Research

Working Papers

Self-selection of information and the belief update: An experiment on COVID-19 vaccine information 

(Current Version: Dec. 24, 2023)


Rational information acquisition theory predicts that people select information that is more informative, thus people will be more persuaded by the information they select. We test the theory in a critical real-world contextinformation about COVID-19 vaccines. We conduct an online experiment in Taiwan where the subjects select information about COVID-19 vaccines, and then the subjects update their beliefs about the vaccine effectiveness and preferences of vaccines. As our design distinguishes different stages of the rational acquisition framework, it allows us to diagnose the underlying mechanism of the theory. Our empirical findings demonstrate evidence that people's information acquisition generally coheres with the rational theory framework predictions, that is,  people choose information when the information is more likely to alter their decisions. We show that our subjects' beliefs change more when they see the information they select. We also find evidence of change in vaccine choices after they receive the information they select, which further suggests that the subjects follow the rational information acquisition framework.

Can Partisan News Shift Political Preference and Voting Behavior? Experimental Evidence from Taiwan’s General Elections 2016

(Current version: Nov 2023)

We utilized the 2016 Taiwanese General Election to see how partisan news can change voters' behavior. We find that when the voters read the information in favor of their own political ideology, they were more likely to be influenced. We also find a strong "new party" effect that the information about the new parties largely persuaded the subjects to vote for the new parties. We suggest this is due to the exposure of unfamiliar information that conveyed closer political ideology to the subjects.


Preference for Sample Features and Belief Updating

with Menglong Guan, Jing Zhou, and Ravi Vora

(Preliminary version available upon request)

We conduct the canonical "balls-and-boxes" ("balls-in-urns") experiment, where we provided different types of reports about the signals.
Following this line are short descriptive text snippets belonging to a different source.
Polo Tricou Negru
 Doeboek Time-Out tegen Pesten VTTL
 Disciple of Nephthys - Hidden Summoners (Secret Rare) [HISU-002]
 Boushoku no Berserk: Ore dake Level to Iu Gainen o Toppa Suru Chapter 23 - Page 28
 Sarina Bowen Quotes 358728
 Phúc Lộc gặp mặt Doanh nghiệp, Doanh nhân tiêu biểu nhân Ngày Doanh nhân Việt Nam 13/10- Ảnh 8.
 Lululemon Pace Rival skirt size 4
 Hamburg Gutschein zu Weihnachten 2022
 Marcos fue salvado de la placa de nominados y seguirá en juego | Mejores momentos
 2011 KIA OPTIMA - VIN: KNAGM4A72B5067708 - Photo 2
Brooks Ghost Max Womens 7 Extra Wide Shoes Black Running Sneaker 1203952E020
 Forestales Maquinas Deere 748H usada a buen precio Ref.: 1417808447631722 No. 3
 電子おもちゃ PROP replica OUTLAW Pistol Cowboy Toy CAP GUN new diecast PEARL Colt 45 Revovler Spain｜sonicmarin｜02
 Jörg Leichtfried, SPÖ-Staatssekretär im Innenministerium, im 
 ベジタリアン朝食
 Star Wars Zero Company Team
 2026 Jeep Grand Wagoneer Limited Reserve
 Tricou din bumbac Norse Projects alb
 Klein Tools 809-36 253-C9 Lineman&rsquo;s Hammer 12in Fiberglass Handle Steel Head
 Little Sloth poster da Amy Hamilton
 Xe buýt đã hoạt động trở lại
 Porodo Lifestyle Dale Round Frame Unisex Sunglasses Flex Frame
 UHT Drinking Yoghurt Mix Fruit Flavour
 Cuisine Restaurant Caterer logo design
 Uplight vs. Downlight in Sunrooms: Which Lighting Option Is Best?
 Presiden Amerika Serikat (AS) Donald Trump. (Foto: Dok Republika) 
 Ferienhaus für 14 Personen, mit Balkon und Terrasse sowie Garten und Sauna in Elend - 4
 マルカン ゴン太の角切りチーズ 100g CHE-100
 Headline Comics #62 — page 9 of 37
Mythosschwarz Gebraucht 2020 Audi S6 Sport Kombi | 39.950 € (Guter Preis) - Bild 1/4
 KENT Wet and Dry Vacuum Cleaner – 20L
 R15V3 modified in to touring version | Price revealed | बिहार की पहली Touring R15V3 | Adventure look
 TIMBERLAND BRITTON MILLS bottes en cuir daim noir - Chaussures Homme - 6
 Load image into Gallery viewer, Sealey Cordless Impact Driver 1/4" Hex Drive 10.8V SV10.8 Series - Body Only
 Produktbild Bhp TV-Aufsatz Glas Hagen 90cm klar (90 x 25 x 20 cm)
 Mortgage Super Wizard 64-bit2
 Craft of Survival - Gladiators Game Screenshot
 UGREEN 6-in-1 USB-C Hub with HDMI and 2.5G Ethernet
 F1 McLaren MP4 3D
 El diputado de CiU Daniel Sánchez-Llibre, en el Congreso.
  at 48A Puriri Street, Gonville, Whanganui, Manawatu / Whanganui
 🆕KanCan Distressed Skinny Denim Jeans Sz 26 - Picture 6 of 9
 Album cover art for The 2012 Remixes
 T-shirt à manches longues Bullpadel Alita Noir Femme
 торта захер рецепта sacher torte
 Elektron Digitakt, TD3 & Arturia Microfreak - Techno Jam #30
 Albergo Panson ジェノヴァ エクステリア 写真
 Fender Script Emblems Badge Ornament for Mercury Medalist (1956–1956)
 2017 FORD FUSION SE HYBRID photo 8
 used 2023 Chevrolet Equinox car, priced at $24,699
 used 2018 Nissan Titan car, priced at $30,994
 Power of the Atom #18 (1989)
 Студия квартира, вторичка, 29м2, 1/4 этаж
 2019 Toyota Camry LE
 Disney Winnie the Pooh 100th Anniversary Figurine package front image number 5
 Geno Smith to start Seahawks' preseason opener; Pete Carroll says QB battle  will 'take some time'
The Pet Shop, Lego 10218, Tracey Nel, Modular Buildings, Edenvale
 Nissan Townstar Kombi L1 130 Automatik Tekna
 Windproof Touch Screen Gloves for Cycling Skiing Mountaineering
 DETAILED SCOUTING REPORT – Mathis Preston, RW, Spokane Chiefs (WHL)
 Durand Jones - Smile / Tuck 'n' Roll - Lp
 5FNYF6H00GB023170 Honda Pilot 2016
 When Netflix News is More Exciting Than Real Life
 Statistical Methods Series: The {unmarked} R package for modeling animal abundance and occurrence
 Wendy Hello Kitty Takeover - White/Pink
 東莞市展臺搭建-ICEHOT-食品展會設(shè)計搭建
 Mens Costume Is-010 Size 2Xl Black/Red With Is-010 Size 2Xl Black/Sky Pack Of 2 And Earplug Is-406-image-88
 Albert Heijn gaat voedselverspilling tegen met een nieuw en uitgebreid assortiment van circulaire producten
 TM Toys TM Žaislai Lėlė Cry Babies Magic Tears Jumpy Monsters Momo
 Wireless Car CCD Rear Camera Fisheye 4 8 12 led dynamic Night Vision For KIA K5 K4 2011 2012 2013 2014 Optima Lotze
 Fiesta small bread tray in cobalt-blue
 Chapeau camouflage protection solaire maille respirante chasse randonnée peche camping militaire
We found that people are further away from the Bayesian posterior when they receive the theoretically more informative report: the counts or the difference of the different colored balls, while receiving less the informative report of the ratio of different colored balls yields better guesses. We also elicit the subjects' willingness to pay for the reports prior to the updating tasks. We find the subjects are willing to pay more for the reports with which they perform better in the belief updating tasks.

Ongoing Project

Does the First Vote Make You Harder to Convert? An experiment using the 2021 Referendum in Taiwan

(Presented at 2023 NAESA; slides available upon request)

We used the 2021 Taiwanese Referendum to see whether the first vote will make voters harder to be persuaded. To exclude the self-selection issue from turning out and voting, we recruited students right around the eligible age and collected their voting decisions (or intentions). A few months after, we send them the information about the propositions voted in the 2021 referendum and see whether the information changes their voting decisions. We find that for fact-based propositions (energy and environment), the eligible voters are persuaded more by the information.